El modelo AlphaFold de plegamiento de proteínas impulsado por IA ha predicho más de 200 millones de proteínas, casi todas esas estructuras conocidas por la ciencia, dijo DeepMind el jueves.

Las proteínas son moléculas biológicas complejas producidas en organismos vivos a partir de instrucciones almacenadas en el ADN. Hechas de hasta 20 tipos de aminoácidos, estas cadenas a escala nanométrica realizan tareas celulares vitales para llevar a cabo todo tipo de funciones corporales. Conocer la forma tridimensional de las proteínas es importante, ya que su estructura física brinda pistas sobre cómo se comporta y para qué sirve, lo que nos ayuda a hacer cosas como desarrollar medicamentos y crear proteínas imitadoras para quienes carecen de ellas.

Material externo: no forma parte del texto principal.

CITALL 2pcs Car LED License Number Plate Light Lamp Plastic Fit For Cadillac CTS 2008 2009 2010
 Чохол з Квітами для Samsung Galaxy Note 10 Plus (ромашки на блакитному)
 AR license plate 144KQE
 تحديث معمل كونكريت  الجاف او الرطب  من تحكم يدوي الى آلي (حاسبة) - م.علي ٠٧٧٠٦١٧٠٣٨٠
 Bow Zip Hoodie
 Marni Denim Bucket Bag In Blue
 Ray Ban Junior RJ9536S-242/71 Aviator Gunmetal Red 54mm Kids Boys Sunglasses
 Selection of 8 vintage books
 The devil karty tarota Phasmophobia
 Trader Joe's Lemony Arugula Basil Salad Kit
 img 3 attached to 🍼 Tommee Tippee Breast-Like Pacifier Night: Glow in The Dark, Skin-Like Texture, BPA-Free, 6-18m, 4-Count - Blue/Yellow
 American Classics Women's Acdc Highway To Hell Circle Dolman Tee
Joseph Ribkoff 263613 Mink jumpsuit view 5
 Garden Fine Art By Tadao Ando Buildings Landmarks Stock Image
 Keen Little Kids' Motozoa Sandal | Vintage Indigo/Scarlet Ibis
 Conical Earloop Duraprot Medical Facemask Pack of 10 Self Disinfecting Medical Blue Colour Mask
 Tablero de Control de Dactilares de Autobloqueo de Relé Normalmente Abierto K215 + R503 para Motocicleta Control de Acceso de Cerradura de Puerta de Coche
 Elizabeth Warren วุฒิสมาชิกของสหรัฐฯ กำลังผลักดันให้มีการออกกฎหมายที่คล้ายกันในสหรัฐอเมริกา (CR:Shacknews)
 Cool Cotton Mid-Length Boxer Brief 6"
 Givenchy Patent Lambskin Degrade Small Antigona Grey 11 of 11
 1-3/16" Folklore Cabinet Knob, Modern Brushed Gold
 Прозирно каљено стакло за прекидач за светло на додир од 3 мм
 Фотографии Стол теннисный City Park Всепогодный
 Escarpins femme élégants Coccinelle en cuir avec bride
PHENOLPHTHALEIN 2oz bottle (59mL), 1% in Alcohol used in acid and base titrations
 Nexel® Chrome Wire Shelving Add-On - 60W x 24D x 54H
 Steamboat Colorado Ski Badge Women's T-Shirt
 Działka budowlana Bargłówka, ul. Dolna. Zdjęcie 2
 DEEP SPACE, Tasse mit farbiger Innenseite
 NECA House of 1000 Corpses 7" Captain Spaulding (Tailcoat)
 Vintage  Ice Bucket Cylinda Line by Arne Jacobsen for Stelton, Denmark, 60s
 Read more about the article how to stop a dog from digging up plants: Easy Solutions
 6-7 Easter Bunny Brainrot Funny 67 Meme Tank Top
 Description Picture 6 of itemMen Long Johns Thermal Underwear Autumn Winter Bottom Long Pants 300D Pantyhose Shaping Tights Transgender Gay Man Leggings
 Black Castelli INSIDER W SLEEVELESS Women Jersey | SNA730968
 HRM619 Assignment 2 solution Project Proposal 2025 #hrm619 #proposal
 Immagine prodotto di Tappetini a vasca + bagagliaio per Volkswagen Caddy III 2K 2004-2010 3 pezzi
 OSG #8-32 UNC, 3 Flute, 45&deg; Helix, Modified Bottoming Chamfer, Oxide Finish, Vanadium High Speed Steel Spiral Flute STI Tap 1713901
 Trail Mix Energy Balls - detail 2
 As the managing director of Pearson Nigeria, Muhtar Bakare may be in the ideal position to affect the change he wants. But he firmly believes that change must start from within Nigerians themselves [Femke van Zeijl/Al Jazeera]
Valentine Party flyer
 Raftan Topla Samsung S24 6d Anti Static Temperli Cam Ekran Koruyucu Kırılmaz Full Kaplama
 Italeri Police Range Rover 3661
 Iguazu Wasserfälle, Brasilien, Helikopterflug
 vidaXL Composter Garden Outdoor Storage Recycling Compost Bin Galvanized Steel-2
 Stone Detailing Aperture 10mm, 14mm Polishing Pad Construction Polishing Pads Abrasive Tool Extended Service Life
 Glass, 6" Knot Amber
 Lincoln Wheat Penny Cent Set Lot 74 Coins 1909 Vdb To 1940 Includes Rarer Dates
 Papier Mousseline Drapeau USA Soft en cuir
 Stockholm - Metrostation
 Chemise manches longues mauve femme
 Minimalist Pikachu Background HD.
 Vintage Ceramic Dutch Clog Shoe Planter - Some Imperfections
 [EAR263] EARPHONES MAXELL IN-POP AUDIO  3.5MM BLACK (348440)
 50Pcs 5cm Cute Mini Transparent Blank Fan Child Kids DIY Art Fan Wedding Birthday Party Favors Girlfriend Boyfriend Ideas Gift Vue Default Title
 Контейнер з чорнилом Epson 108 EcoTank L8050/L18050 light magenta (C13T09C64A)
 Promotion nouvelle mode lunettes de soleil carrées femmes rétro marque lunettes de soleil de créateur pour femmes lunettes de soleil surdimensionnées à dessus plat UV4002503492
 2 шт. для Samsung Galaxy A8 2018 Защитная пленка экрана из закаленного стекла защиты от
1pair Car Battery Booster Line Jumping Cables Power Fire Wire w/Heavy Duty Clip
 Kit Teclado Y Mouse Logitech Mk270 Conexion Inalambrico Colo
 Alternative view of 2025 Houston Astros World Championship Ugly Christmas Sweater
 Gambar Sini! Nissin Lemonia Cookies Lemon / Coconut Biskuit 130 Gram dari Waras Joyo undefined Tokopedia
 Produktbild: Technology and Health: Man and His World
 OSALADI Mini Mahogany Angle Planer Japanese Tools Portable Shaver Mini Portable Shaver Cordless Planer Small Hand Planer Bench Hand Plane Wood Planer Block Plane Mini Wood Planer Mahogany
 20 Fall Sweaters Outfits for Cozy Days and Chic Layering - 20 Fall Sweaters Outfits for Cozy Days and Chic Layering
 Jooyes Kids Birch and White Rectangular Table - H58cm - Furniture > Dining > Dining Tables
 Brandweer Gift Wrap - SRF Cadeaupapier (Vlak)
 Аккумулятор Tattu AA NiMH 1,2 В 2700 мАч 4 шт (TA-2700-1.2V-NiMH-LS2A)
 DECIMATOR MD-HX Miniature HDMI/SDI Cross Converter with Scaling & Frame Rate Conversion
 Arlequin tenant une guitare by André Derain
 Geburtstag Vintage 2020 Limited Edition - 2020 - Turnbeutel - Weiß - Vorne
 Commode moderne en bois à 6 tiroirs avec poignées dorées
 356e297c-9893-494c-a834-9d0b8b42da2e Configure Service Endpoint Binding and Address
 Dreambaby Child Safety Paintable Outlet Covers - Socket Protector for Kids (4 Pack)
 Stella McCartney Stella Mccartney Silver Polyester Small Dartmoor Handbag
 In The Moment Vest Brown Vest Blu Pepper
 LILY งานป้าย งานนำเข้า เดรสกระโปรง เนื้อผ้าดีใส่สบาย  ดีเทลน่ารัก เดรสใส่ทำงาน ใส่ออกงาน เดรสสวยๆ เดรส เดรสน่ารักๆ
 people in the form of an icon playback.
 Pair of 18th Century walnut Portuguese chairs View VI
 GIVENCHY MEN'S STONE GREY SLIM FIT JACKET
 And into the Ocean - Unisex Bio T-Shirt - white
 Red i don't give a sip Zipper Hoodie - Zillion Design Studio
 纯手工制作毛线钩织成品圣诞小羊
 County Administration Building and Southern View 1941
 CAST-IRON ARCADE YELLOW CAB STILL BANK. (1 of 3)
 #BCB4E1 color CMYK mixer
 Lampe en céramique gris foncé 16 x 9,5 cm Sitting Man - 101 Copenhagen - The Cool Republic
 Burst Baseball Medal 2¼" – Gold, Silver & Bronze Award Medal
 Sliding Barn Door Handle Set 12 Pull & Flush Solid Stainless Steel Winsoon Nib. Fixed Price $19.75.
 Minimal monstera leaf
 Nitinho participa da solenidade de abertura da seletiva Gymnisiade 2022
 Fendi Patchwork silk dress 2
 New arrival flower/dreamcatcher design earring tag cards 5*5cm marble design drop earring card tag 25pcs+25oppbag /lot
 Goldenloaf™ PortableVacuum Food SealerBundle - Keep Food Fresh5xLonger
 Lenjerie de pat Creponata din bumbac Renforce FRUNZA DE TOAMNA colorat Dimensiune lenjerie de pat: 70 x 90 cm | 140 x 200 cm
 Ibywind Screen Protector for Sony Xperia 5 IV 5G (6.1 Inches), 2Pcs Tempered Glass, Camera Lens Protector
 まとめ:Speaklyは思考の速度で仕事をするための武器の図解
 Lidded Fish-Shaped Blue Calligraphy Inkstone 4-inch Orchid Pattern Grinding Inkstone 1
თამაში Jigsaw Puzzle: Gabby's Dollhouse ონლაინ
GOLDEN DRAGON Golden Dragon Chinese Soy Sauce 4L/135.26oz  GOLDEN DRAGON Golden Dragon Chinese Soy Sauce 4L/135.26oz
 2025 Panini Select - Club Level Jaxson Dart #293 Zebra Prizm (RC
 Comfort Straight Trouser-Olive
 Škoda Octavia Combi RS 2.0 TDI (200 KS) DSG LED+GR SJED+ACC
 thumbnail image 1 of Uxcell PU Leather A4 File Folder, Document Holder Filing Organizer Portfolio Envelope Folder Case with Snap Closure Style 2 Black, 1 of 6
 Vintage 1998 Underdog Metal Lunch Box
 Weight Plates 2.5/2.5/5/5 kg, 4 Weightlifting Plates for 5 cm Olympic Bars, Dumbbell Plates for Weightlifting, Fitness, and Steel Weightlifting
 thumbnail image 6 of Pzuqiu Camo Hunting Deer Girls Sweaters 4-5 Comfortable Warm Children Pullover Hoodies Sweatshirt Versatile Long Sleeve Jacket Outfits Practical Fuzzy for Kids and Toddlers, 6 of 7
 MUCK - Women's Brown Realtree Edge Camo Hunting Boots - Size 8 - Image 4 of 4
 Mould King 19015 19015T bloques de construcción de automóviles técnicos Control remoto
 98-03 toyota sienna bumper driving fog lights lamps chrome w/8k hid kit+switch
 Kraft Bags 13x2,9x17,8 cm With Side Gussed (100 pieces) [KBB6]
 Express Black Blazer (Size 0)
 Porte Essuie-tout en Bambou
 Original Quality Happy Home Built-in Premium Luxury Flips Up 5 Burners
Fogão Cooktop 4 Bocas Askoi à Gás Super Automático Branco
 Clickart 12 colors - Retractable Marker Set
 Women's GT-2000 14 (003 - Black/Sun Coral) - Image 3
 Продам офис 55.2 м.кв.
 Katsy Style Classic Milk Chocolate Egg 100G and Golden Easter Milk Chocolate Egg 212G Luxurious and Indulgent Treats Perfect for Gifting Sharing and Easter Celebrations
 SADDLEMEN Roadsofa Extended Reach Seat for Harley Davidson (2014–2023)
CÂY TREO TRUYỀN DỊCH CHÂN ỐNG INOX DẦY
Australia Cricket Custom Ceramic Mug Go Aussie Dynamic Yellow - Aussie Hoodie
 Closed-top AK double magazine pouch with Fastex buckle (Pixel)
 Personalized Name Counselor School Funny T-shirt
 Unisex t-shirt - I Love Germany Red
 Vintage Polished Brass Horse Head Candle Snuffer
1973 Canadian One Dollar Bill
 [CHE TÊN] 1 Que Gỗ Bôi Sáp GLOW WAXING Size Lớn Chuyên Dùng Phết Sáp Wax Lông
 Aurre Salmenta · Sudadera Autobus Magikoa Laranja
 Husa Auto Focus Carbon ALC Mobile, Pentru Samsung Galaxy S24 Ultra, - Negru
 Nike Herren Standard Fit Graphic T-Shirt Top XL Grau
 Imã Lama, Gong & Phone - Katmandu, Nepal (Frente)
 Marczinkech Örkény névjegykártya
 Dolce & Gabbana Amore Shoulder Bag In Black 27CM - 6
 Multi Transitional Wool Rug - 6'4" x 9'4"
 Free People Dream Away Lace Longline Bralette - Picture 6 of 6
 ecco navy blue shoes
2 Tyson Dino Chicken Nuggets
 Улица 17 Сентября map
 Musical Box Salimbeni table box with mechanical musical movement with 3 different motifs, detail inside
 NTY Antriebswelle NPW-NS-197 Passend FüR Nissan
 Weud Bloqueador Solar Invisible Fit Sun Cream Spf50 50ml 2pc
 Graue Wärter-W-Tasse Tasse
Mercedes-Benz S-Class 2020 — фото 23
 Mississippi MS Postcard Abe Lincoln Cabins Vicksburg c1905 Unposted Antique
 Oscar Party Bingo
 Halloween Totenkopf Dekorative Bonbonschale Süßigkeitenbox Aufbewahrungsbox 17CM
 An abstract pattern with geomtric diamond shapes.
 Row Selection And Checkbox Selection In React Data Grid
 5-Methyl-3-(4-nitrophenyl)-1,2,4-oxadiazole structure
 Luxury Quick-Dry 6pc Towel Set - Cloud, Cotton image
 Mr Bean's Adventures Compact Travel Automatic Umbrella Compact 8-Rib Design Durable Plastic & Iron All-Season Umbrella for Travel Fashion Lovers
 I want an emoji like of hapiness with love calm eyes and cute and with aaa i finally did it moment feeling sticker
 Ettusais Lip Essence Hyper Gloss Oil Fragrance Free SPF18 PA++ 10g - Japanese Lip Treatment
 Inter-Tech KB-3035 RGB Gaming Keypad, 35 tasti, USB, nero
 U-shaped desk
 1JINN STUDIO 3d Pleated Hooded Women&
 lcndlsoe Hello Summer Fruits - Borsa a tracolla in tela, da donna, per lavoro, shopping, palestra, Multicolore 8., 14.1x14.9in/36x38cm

Algunas proteínas son útiles, como las involucradas en la digestión de los alimentos, mientras que otras pueden ser dañinas, como las involucradas en el crecimiento de tumores. Sin embargo, es difícil descifrar sus complicadas formas retorcidas. Los biólogos moleculares pueden pasar años realizando experimentos para descifrar la estructura de una proteína, y AlphaFold puede hacerlo en minutos, dependiendo del tamaño de la molécula, a partir de la composición de aminoácidos. 

AlphaFold se entrenó en cientos de miles de estructuras de proteínas conocidas y aprendió las relaciones entre los aminoácidos constituyentes y las formas generales finales. Dada una secuencia de aminoácidos de entrada arbitraria, el modelo puede predecir una estructura de proteína 3D. Ahora, el modelo ha predicho casi todas las estructuras de proteínas conocidas por la ciencia.

En colaboración con el Instituto Europeo de Bioinformática, DeepMind ha ampliado su Base de datos de estructura de proteínas AlphaFold para contener más de 200 millones de formas 3D de proteínas de animales a plantas, de bacterias a virus: un aumento de más de 200 veces de casi un millón de moléculas a al menos 200 millones de moléculas en solo un año.

"Esperábamos que este recurso innovador ayudara a acelerar la investigación científica y el descubrimiento a nivel mundial, y que otros equipos pudieran aprender y aprovechar los avances que hicimos con AlphaFold para crear más avances", Demis Hassibis, cofundador y director ejecutivo de DeepMind, dijo en un comunicado el jueves.

“Esa esperanza se ha hecho realidad mucho más rápido de lo que nos habíamos atrevido a soñar. Solo doce meses después, más de medio millón de investigadores han accedido a AlphaFold y lo han utilizado para acelerar el progreso en importantes problemas del mundo real que van desde la contaminación plástica hasta la resistencia a los antibióticos”.

El registro ha pedido a DeepMind más comentarios. 

AlphaFold también ha mostrado un gran potencial para diseñar nuevos fármacos. Las estructuras ayudan a los científicos a descubrir compuestos químicos que pueden unirse a proteínas objetivo para tratarlas o evitar que lleven a cabo funciones patológicas. Las empresas, incluida Insilco Medicine, han experimentado con el modelo para descubrir nuevas drogas; El CEO Alex Zhavoronkov dijo El registro que el proceso es mucho más complicado de lo que piensas y consta de varios pasos.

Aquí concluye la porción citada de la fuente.